Für Künzler sind in diesem Zusammenhang zwei Dinge besonders ärgerlich. Erstens: Dass so getan werde, als seien die Verwaltungsgerichte an allem Übel schuld. Tatsächlich seien im vergangenen Jahr in ganz Deutschland 146 000 Asylanträge abgelehnt worden – nur in jedem fünften Fall hätten die Einsprüche Erfolgt gehabt, rechnet der Verwaltungsrichter vor. Gleichzeitig wurden laut Bundesregierung 24 000 Flüchtlinge in ihre Heimatländer zurückgebracht. „Die Ablehnungen – also auch die Entscheidungen von Verwaltungsgerichten – haben quasi keine Konsequenzen. Das heißt, unsere Entscheidungen sind für den Papierkorb“, kritisiert Künzler.

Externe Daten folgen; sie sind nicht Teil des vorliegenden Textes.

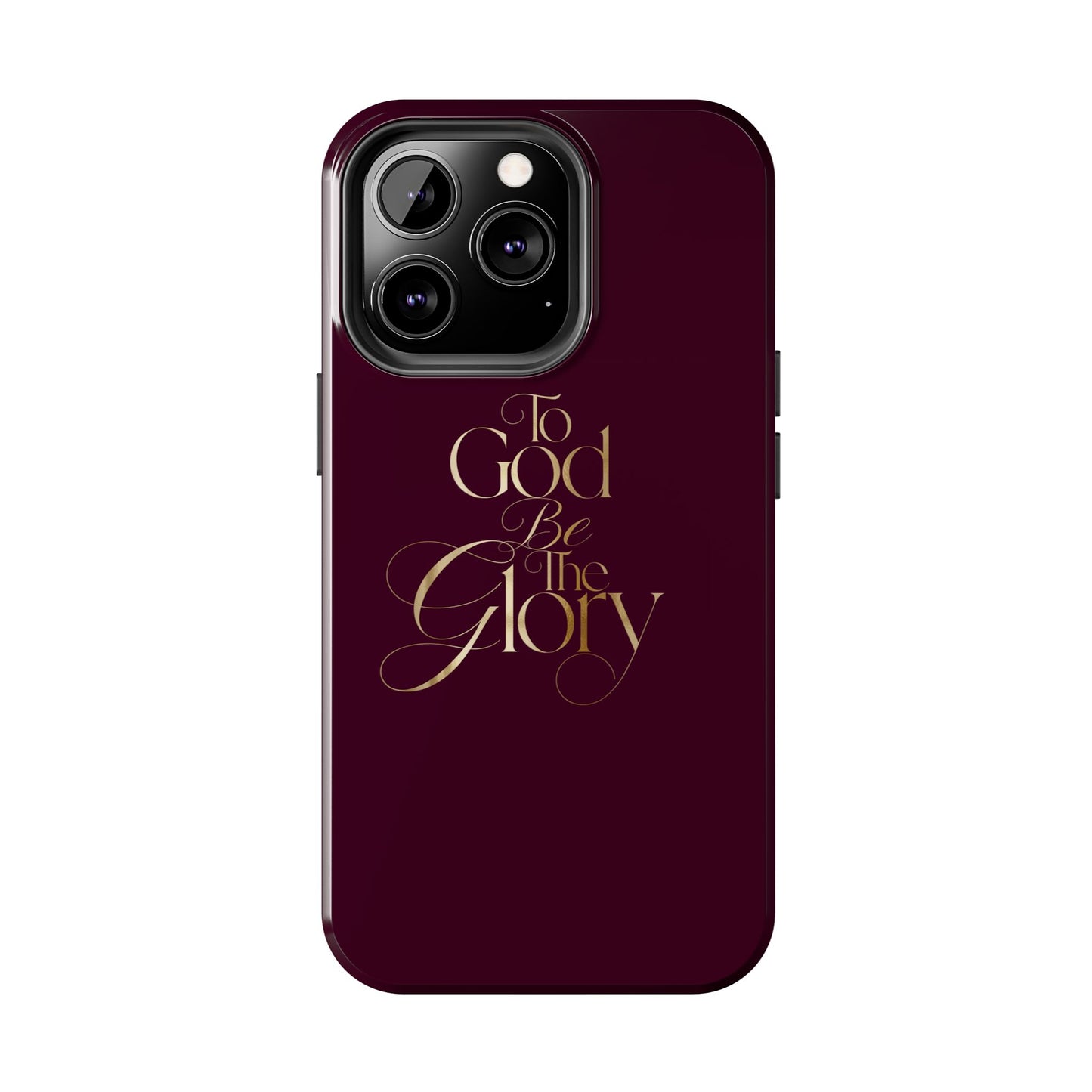 To God Be The Glory Tough Phone Case — Burgundy Gold Christian Scripture Cover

Der zweite Punkt, der ihn massiv stört, ist: Dass aus der Politik suggeriert werde, mit den Anker-Zentren würden die Entscheidungen schneller gefällt und mehr Asylanträge abgewiesen werden können. „Gerichte entscheiden in Deutschland immer noch unabhängig. Es wirft kein gutes Bild auf den Rechtsstaat, wenn Gerichte unter einem Dach mit den betreffenden Behörden sitzen“, sagt Künzler, der dann auch die Rechtssicherheit von Entscheidungen in Gefahr sieht. Zudem sei es nicht mit einzelnen Räumen in einer Flüchtlingsunterkunft getan, wie es der Freistaat Sachsen plant: Wenn das Gericht nicht nur ausweisen, sondern wirklich seine Arbeit – die auch verschiedene Zuständigkeiten für die Herkunftsländer umfasst – machen soll, müsste der gesamte Justizapparat in das Anker-Zentrum ziehen. „Eine Verfahrensbeschleunigung erfolgt so oder so nicht, da Akten auf elektronischem Weg weitergereicht werden und es egal ist, ob wir in der Flüchtlingsunterkunft oder hundert Kilometer entfernt sitzen“, so Künzler. Dieses Verfahren habe sich bewährt, wie die Zahlen auch im Bundesvergleich verdeutlichten: In Sachsen vergehen in Asyl-Eilverfahren fünf Wochen bis zur Entscheidung, bei Hauptsache-Klagen zwischen acht und neun Monaten. Sein Fazit lautet: „Anker-Zentren lösen die Probleme nicht.“

Die Zahl der in Sachsen lebenden ausreisepflichtigen, abgelehnten Asylbewerber ist laut Innenministerium seit 2016 von 6800 auf 11 600 gestiegen. Dem steht ein Rückgang bei den Abschiebungen gegenüber: Wurden 2016 insgesamt 3377 abgelehnte Asylbewerber ausgeflogen, waren es im vergangenen Jahr 2147.